Dear Radiance folks,
finally, I managed to get my Macbook that had been waiting since early January and can share my first experiences with Radiance on this platform.
Some of this is generic, but it may be helpful for others who have not built Radiance from source before.
To get decent support for the new processor, I am relying on Apple’s clang rather than gcc here, so I first installed the Developer Tools with their Command Line Tools. To get X11 and OpenGL support, I installed macports, and within macports the packages xorg, libGLU, and mesa (I hope I did not miss a package here). I then added the following line to my ~/.zprofile:
This tells the compiler to look for include files not in the (unix-default) /usr tree, but in the software development kit (basically this allows to build for different environments if more than one SDF is installed).
I recommend to log out and back in at this point, to ensure that xorg is functional and the CPATH is set. Now the compiler environment should be set up properly.
I keep self-compiled software (that is not updated by some package manager) in my home directory, e.g. sources in ~/src and binaries in ~/opt. I download the Radiance head release and the library files to ~/src/radiance and uncompress them there, giving me a source tree ~/src/radiance/ray. I also get the latest libtiff sources from osgeo.org (I tool 4.3.0) and uncompress them to ~/src/tiff-4.3.0. I delete ~/src/radiance/ray/src/px/tiff and replace it by a symlink to my libtiff (in ~/src/radiance/ray/src/px I type ln -s ~/src/tiff-4.3.0 tiff).
Now, in the Radiance source tree ~/src/radiance/ray, I first type ./makeall clean to make sure that no built artefacts are left. I then start the build process typing ./makeall install, go through the license and agree to it. When asked for the editor of my choice, I type nano (just a habit). The destinations for binaries and libraries / auxiliary files are ~/opt/radiance/bin and ~/opt/radiance/lib respectively. When the makeall scripts display the built commands and asks wether I want to modify it, I enter “y” and adjust it:
Second line: I add “-j 4” behind “make”. This tells make to start 4 processes in parallel, accelerating the building of the binaries.
Third line: I replace “-O2” by “-Ofast”.
Fourth line should read: “MACH=-DBSD -DNOSTEREO -Dfreebsd -mmacosx-version-min=11.2 -I/opt/local/include -L/opt/local/lib” \
I am not sure why I need to specify the minimum version of macos here, and this line may have to be adjusted. My guess is that it is to support linking against the macports binaries.
I save pressing Ctrl-O and leave by Ctrl-X. Now the binaries will be built (you will see the effect of the -j 4 option now, this goes really fast ), and you should get a final “Done.” before the script ends.
Now, I add the following two lines to ~/.zprofile:
I also comment out the line added by macports to set the display variable here since from my experience it causes trouble and is not necessary.

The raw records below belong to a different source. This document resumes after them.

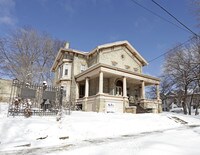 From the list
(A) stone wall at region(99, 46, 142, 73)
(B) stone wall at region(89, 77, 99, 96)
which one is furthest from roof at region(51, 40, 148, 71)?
(B) stone wall at region(89, 77, 99, 96)

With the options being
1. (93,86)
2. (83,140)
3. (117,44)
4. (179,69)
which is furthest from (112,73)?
(179,69)

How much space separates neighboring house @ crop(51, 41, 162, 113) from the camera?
1786 centimetres

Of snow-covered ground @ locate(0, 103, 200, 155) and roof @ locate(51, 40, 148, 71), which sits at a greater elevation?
roof @ locate(51, 40, 148, 71)

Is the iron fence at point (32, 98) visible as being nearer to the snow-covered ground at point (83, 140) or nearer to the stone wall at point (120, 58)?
the snow-covered ground at point (83, 140)

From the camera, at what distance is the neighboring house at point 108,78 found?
58.6 ft

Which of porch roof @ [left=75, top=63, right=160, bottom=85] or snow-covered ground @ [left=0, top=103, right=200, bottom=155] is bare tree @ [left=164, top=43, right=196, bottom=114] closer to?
porch roof @ [left=75, top=63, right=160, bottom=85]

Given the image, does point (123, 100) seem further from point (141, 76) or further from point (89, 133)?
point (89, 133)

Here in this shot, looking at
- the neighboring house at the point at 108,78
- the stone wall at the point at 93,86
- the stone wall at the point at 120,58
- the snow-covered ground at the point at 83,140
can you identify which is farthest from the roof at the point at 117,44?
the snow-covered ground at the point at 83,140

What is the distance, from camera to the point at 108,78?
2161cm

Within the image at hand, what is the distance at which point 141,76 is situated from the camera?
20.7 metres

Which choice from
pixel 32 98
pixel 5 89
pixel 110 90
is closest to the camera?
pixel 32 98

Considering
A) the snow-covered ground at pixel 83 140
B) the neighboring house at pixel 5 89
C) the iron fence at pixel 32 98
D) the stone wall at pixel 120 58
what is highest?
the stone wall at pixel 120 58

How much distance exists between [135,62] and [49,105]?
1619cm

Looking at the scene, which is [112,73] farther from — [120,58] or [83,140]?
[83,140] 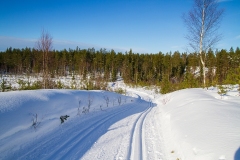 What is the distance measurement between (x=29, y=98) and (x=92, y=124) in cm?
276

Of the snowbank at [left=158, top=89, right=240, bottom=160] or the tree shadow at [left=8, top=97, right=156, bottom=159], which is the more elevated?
the snowbank at [left=158, top=89, right=240, bottom=160]

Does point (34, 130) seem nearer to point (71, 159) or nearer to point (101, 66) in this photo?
point (71, 159)

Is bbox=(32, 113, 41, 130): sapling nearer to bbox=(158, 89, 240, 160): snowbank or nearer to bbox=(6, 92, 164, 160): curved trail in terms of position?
bbox=(6, 92, 164, 160): curved trail

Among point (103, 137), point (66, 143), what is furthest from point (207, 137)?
point (66, 143)

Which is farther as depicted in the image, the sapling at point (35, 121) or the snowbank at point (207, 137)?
the sapling at point (35, 121)

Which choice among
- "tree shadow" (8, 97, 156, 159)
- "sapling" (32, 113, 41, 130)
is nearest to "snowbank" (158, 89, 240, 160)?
"tree shadow" (8, 97, 156, 159)

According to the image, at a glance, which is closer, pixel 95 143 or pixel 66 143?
pixel 66 143

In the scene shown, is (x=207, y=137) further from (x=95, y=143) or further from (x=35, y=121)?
(x=35, y=121)

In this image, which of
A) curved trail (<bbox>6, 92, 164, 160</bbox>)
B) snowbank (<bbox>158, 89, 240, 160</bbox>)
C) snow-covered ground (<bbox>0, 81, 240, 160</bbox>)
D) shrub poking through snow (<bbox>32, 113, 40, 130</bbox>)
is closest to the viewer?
snowbank (<bbox>158, 89, 240, 160</bbox>)

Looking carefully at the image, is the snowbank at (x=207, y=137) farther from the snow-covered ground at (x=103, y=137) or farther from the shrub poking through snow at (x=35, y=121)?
the shrub poking through snow at (x=35, y=121)

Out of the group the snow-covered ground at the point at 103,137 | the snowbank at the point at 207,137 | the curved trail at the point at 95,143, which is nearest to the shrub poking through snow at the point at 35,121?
the snow-covered ground at the point at 103,137

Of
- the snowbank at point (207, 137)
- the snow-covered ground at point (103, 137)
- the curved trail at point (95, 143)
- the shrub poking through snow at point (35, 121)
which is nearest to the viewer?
the snowbank at point (207, 137)

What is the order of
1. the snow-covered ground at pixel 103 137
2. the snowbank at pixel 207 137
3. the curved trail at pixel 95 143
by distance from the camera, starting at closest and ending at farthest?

To test the performance of the new machine, I get Mark Stock’s “bench4” benchmark from github (GitHub - markstock/Radiance-Benchmark4: A well-used benchmark scene for the Radiance pseudo-radiosity renderer). Knowing the the current M1 has 4 “performance” and 4 “efficiency” cores, I am doing 3 tests. One with one process (1 proc, “make”), one keeping all performance cores busy (4 proc, “NCPU=4 make smp”), and one including the efficiency cores (8 proc, “NCPU=8 make smp”). The results are:
1 proc: 503 sec (best so far: Ryzen 9 3950X with 593 sec)
4 proc: 143 sec (best so far: Ryzen 9 3950X with 186 sec)
8 proc: 118 sec (best: Ryzen 9 3950X with 114 sec)
If you compare this to the existing entries at the benchmark web-pages, the little laptop appears to achieve by far the highest performance per “performance” core - and is competitive even as an 8-core machine despite the lower performance of the “efficiency” cores. Fun fact: The fan was not even running during the benchmarks.
The M1-based devices, despite their very low energy demand, give astonishing performance based on their “performance” cores. The cores outperform most (all?) available x64-cores even on workstations with significantly higher power demand. As can be expected, the “efficiency” cores cannot compete with this, but even in the case when all 8 cores (including the weaker “efficiency” cores) are included, the overall result is similar to a recent 8-core x64 system.
Since the currently availably systems are very compact, I would personally not use them as computing nodes - but for those of us who are doing their everyday work on a laptop on battery or a quiet desktop, and want enough power to run a simulation from time to time, the platform offers great performance. Since this is a rather new cpu, I expect better optimization in compilers in the near future. I is also important to note that this is the first generation of the platform with a clear focus on energy demand, while configurations tuned for computational performance are yet to come.
I hope this is somehow helpful and not too much an advertising report I am also curious to see the next generations of Arm64 systems to come. Samsung seams to be working on something now, and testing the Arm64-systems in use by the big cloud providers might be worth a try for those in need of scalability.